Hey all, it’s Jer.

Downtown Detroit just hasn’t been the same since the pandemic. Office workers have not returned, and the pace of things has changed. The once bustling lunch crowd is mostly gone, and restaurants are now seeing far stronger weekend business than during the week.

On weekends, you can find plenty of people enjoying the town, but some entrepreneurs tell me that it is not enough to make it.

“You can sit on Shelby street and not see a person walk by for 10 minutes in the middle of the day on a Wednesday… we’re hoping that changes,” said one bar and coffeeshop owner I interviewed for a recent piece for Detroit Public TV.

So what to do about it? I talked to three entrepreneurs for Thursday’s edition of One Detroit. Watch below.

If you’re curious, the four businesses we filmed at in this piece:

Central KitchenThe ShelbyCoffee Down UnderThrowbacks Home

🆕 Coming soon

» Food Network star Guy Fieri is opening a Chicken Guy! restaurant location in Livonia this March. The restaurant will be the first location in Michigan, and there are only 10 locations throughout the country. Apparently, the chicken tenders are “brined in fresh lemon juice, pickle brine and buttermilk, and infused with fresh herbs.” [Instagram] [Chicken Guy!]

Although a different concept, I enjoyed Guy’s Downtown Flavortown when I went to Sevierville, TN to get mostly away from civilization last summer (I’m a Diners, Drive-Ins and Dives fan and this place had his ‘67 Camaro from DDD). I’m curious as there are *so many* chicken joints around now where it’ll fit, but star power can help get people in the door to try it.

» Matt Knio’s Cannelle patisserie will open a fourth location in downtown Farmington. The French-trained chef expects to open the patisserie in April or May this year. [Freep]

» Jade Social, a graphic design studio, will open a location on W. Nine Mile on Tuesday, January 17. [Downtown Ferndale]

» Detroit’s riverfront will be transformed with a 2.5 acre water garden. The Water Garden will be part of the 22 acre Ralph C. Wilson Jr. Centennial Park. This will be Huron-Clinton Metroparks first location in the city of Detroit. It is expected to open in 2024. [Metro Times]

» Six Spoke Brewery is coming to Corktown, in the same building as Two James Distillery and Cork & Gabel. [Eater Detroit]

We discuss it and more on the Friday episode of the podcast.

» Long-time Midtown restaurant The Whitney is temporarily closed for menu changes and improvements.
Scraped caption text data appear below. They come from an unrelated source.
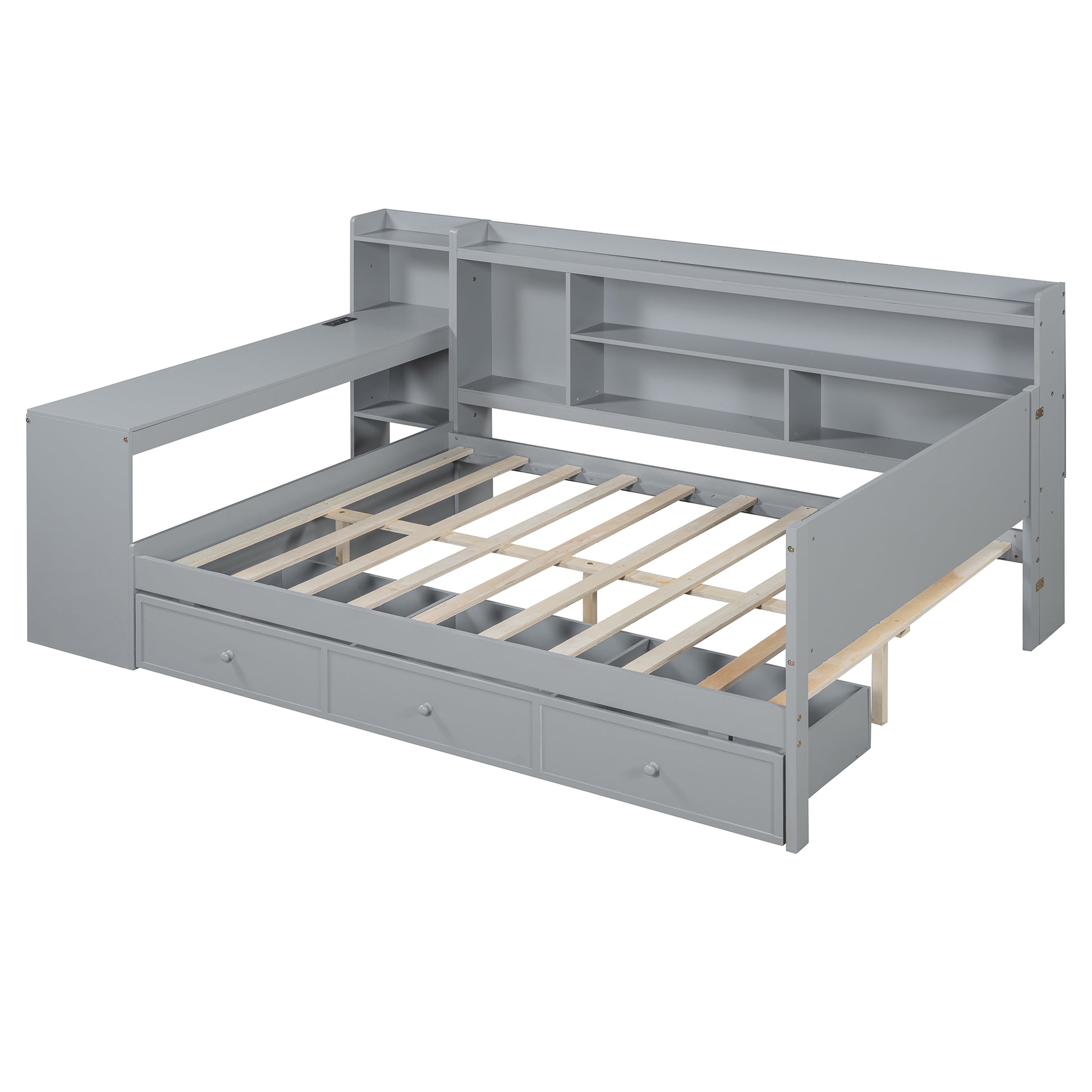 Full Size Wooden Daybed With 3 Drawers, Usb Ports And Deskgray Full Gray Wood
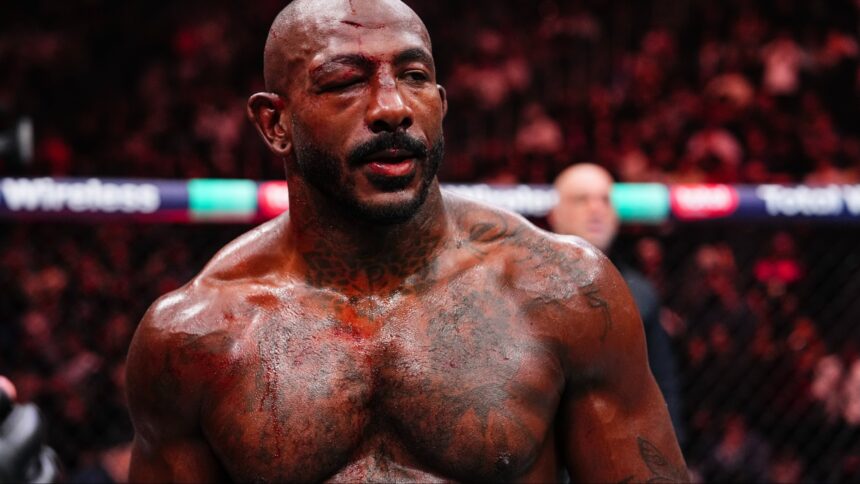 Khalil Rountree Jr. reacts in the Octagon after a loss to Jiri Prochazka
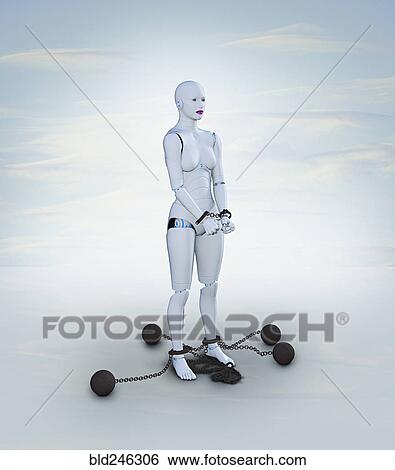 Stock Photograph - Woman robot in shackles. Fotosearch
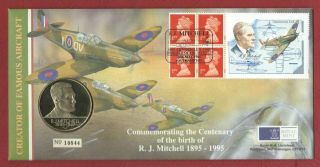 Gb Fd " Medallic " Cover.  " R J Mitchell " Pmk.  Southampton 20/5/95.  Ref Cc139
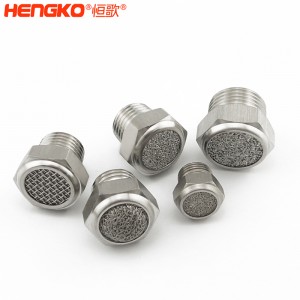 專業(yè)定制燒結(jié)不銹鋼平頭錐形消聲器工業(yè)除塵消音降噪氣動元件，應(yīng)用于鼓風(fēng)機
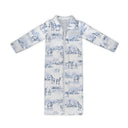 Donkey Toile Blue Quilted Maxi Coat *Web Exclusive*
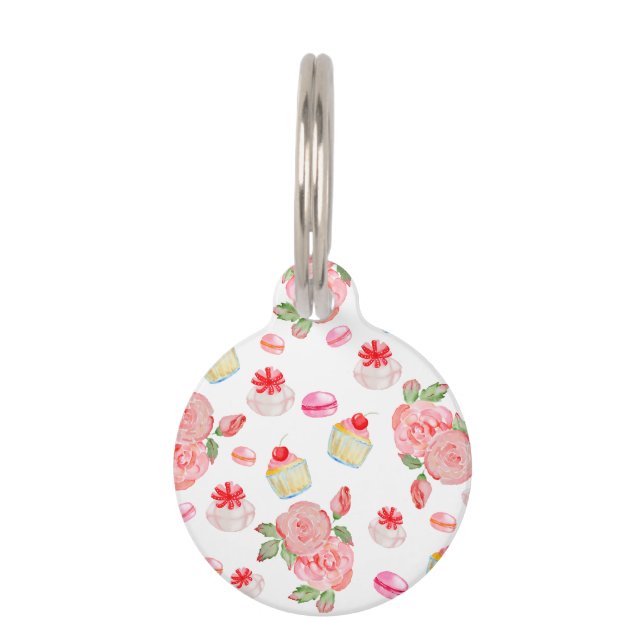 甘いケーキとバラの水色 ペット　ネームタグ (正面)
The restaurant is located in a 119-year-old mansion and expects to re-open this Thursday, January 19. [Freep]

» This week Metro Detroit gets another addition to our Tiki Bar scene: The Eastern Palace Club. [Eater Detroit]

» There’s outside progress at the spot of the demolished Janet’s Lunch in Grosse Pointe Park. The corner of Kercheval and Maryland is going to be home to Brine Oyster House, a New Orleans-inspired restaurant.

» The Henry Ford Museum in Dearborn has a mystery on its hands. "Scooby-Doo!™ Mansion Mayhem!" will be an experience for children and adults to help solve a mystery. The immersive exhibit will also allow participants to interact with the Mystery Gang. It opens on February 12 and runs through April 9. [The Henry Ford]

📰 What to know

» If you’ve driven up Woodward past 7 Mile in the last decade-plus, you might have noticed a hulking and empty but oddly new church-looking building. The cathedral project was announced in 2003, and it is still incomplete.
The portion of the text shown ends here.